"""

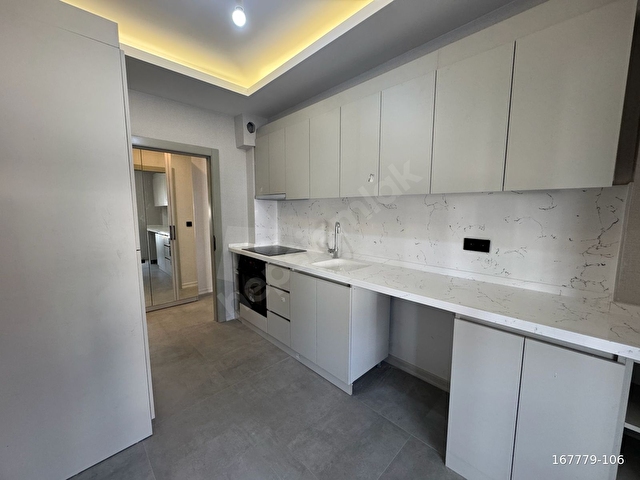 REMAX LEVEL DEN İNCEKTE PRESTİJLİ LOKASYONDA 2+1 DAİRE - Görsel 9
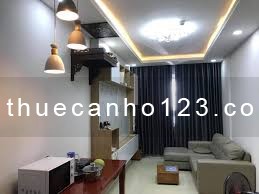 Chung Cư Topaz Garden Tân Phú, 75m2 Cần Cho Thuê, 2 Phòng Ngủ.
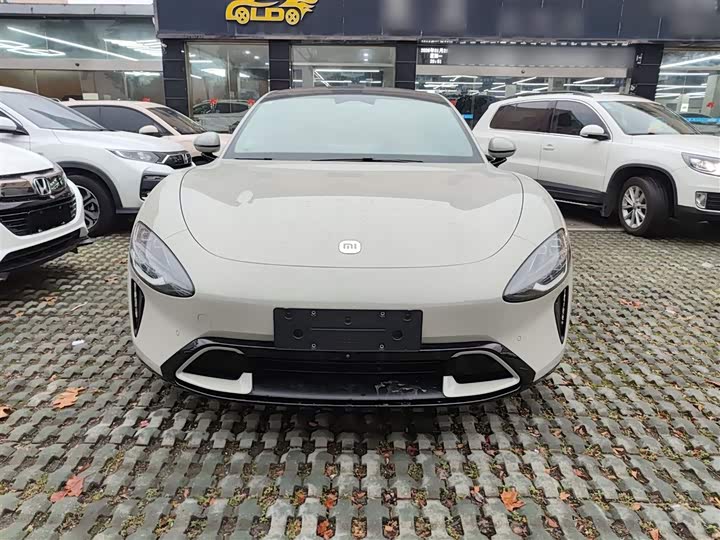 Фото 3 - Xiaomi SU7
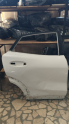 FORD PUMA SAG ARKA KAPI ÇETİN OTOMOTİV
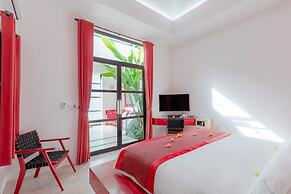 Bali Ginger Suites & Villa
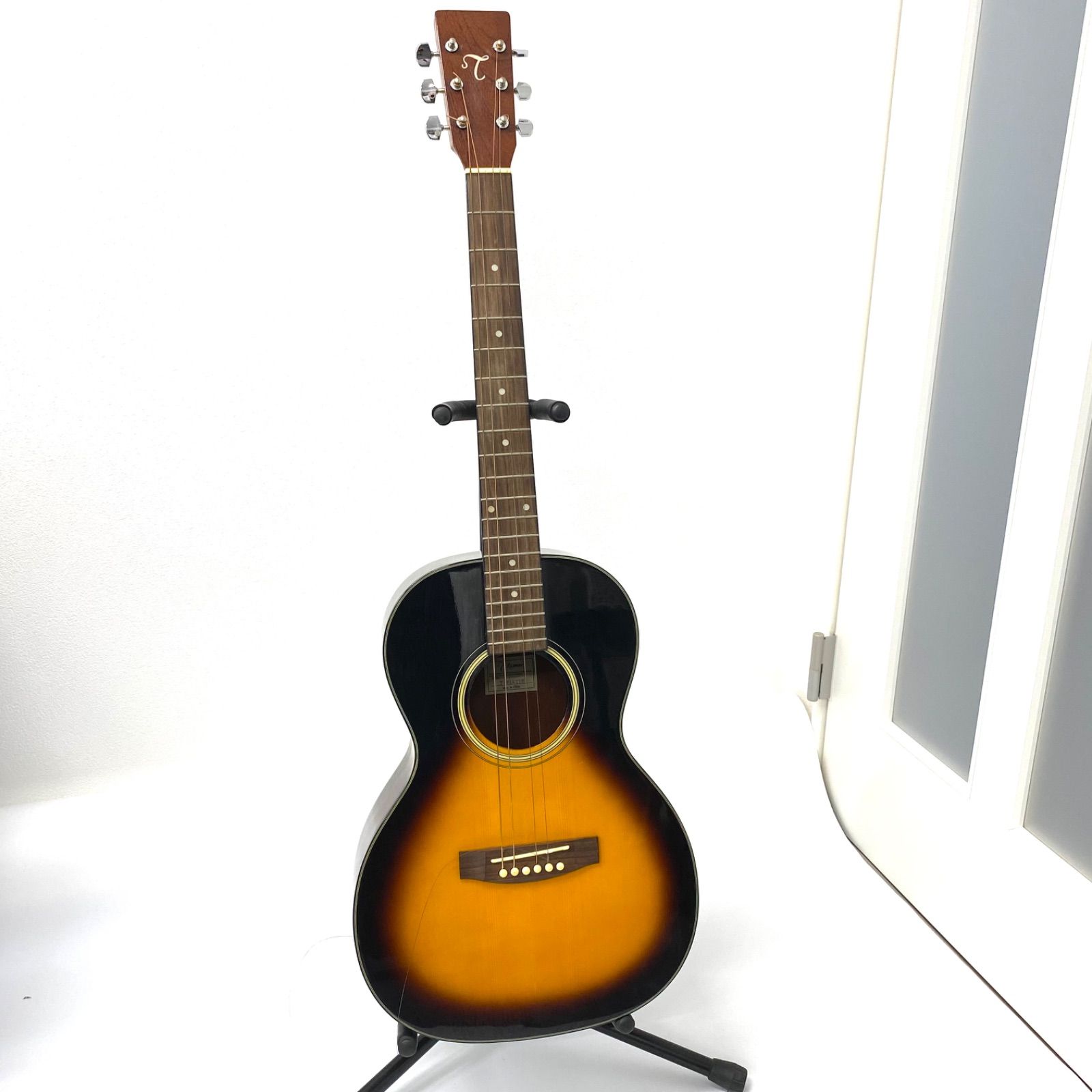 TAKAMINE タカミネ T-P1ATBS アコースティックギター - メルカリ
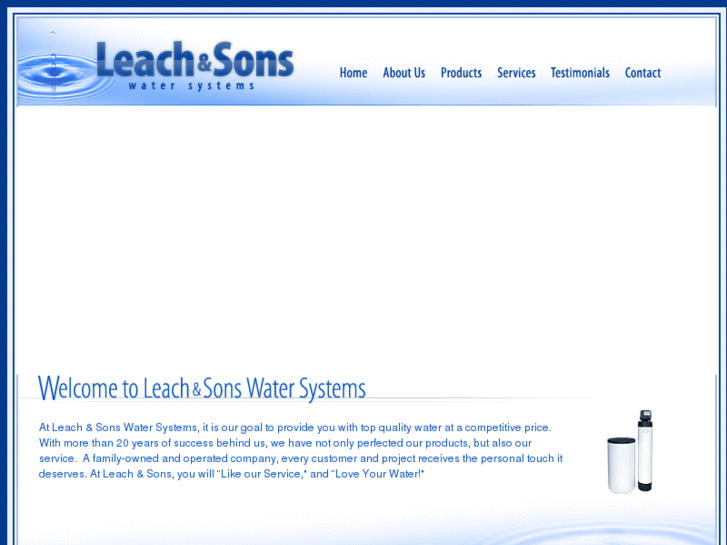 www.leachsons.com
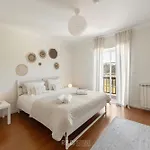 Villa Serene - Perfect Family Retreat Near Nazare Famalicao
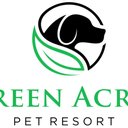 Green Acres Pet Resort company logo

"""

Problem to solve: Retype the listing exactly. Pictures do not belong in the copy.

Answer to this problem:
 REMAX LEVEL DEN İNCEKTE PRESTİJLİ LOKASYONDA 2+1 DAİRE - Görsel 9
 Chung Cư Topaz Garden Tân Phú, 75m2 Cần Cho Thuê, 2 Phòng Ngủ.
 Фото 3 - Xiaomi SU7
 FORD PUMA SAG ARKA KAPI ÇETİN OTOMOTİV
 Bali Ginger Suites & Villa
 TAKAMINE タカミネ T-P1ATBS アコースティックギター - メルカリ
 www.leachsons.com
 Villa Serene - Perfect Family Retreat Near Nazare Famalicao
 Green Acres Pet Resort company logo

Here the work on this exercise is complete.